Griner was arrested in February after she was allegedly caught carrying two vape cartridges with cannabis oil in them at a Moscow airport. She has been held in custody since then.
She went on trial July 1, four and a half months after her arrest on charges of possessing cannabis oil. The All-Star was traveling in Russia because, like many WNBA players, she’s plays overseas during the offseason. In Griner’s case, she plays for UMMC Ekaterinburg, on the eastern edge of the European continent.
Griner is considered by the United States to be wrongfully detained, and her guilty plea could be more of a legal strategy than a truthful admission of wrongdoing. The pro athlete’s lawyers Alexander Boykov and Maria Blagovolina told journalists Thursday that they expect the court to take into account their client’s guilty plea and hope for leniency
Buttressing the wisdom in the strategy, William Pomeranz, an expert on Russian law, told ESPN that defendants have little chance of being found innocent at criminal trials in the country. In fact, fewer than 1 percent of defendants in Russian criminal cases are acquitted, and unlike in U.S. courts, acquittals can be overturned.
As Pomeranz explained, since the trail is ‘a foregone conclusion,’ Griner stood a better chance of pleading guilty in order to reduce her sentence.
‘Traditionally, the best defense is to admit your guilt and hope you get a lesser sentence,’ Pomeranz said. ‘There’s not a lot of examples of people raising strong defenses and getting acquitted.’
Furthermore, pleading innocent could result in authorities retaliating against her by making her life in a Russian prison more miserable than it already is, experts told ESPN.
Griner was arrested in February after she was allegedly caught carrying two vape cartridges with cannabis oil in them at a Moscow airport. She has been held in custody since then. In those four months there has been growing pressure on the Biden administration to secure her release, with Griner’s supporters encouraging a prisoner swap in exchange for Viktor Bout, a Russian pilot convicted of drug trafficking conspiracy.
Hopes built on expedited exchange may have been deflated on Thursday, after a Russian official said that it is difficult to exchange prisoners with the United States and suggested Washington be silent about the fate of Griner.
Deputy Minister of Foreign Affairs of Russia Sergei Ryabkov said ‘hype’ around the case does not help, urging the US to cease correspondence with the basketball player who recently stood trial in Russia.
Meanwhile, Reverend Al Sharpton has promised to fly to the Eastern European country to meet with Griner behind bars for a ‘clergy visit.’

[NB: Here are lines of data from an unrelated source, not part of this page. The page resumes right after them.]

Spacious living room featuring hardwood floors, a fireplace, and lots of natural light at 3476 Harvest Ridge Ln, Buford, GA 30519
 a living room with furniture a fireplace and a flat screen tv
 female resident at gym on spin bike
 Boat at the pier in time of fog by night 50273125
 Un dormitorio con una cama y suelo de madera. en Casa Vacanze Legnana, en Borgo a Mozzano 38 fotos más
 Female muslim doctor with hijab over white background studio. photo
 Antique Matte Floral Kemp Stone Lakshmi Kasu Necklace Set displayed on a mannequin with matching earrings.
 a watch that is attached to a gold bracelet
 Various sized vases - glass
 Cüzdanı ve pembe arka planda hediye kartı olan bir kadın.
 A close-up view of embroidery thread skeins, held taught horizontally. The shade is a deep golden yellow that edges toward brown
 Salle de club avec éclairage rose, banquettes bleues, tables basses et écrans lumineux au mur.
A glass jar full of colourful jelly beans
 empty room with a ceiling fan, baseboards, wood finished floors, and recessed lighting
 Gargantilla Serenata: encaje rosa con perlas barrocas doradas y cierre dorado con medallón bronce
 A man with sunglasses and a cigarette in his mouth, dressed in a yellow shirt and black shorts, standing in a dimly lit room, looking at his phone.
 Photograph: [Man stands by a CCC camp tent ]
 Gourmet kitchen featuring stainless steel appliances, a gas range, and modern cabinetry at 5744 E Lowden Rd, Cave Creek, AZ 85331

‘It’s our intention to go to Russia and seek a clergy visit,’ Sharpton told MSNBC host Andrea Mitchell. ‘Anybody in any civilized world or any civilized nation can get visits from the clergy.’
He said that Griner’s wife, Cherelle Griner, had been frustrated trying to set up a phone call with the WNBA player.
‘We need to go face to face to make sure that she’s all right,’ Sharpton said, adding, ‘We cannot sit by and ignore the fact that she has been marginalized and we cannot explain why. We want to see that she is safe and we want to make sure that the government of the United States maker her a priority.’
Griner’s wife, Cherelle, has publicly asked the Biden administration to secure her release. Last week, President Joe Biden and Vice President Kamala Harris made a phone call to her to assure her that they are working to help her
Last week, Griner wrote a letter to Biden to in which she pleaded with him to help secure her release.
‘As I sit here in a Russian prison, alone with my thoughts and without the protection of my wife, family, friends, Olympic jersey, or any accomplishments, I’m terrified I might be here forever,’ Griner wrote in the letter.
‘I realize you are dealing with so much, but please don’t forget about me and the other American Detainees,’ Griner wrote. ‘Please do all you can to bring us home. I voted for the first time in 2020 and I voted for you.
‘I believe in you. I still have so much good to do with my freedom that you can help restore. I miss my wife! I miss my family! I miss my teammates! It kills me to know they are suffering so much right now. I am grateful for whatever you can do at this moment to get me home.’
Her letter came after Biden and Vice President Kamala Harris made a phone call to her wife, Cherelle, to ‘reassure her’ they are working to get her released.
‘The President called Cherelle to reassure her that he is working to secure Brittney’s release as soon as possible, as well as the release of Paul Whelan and other US nationals who are wrongfully detained or held hostage in Russia and around the world,’ the White House said.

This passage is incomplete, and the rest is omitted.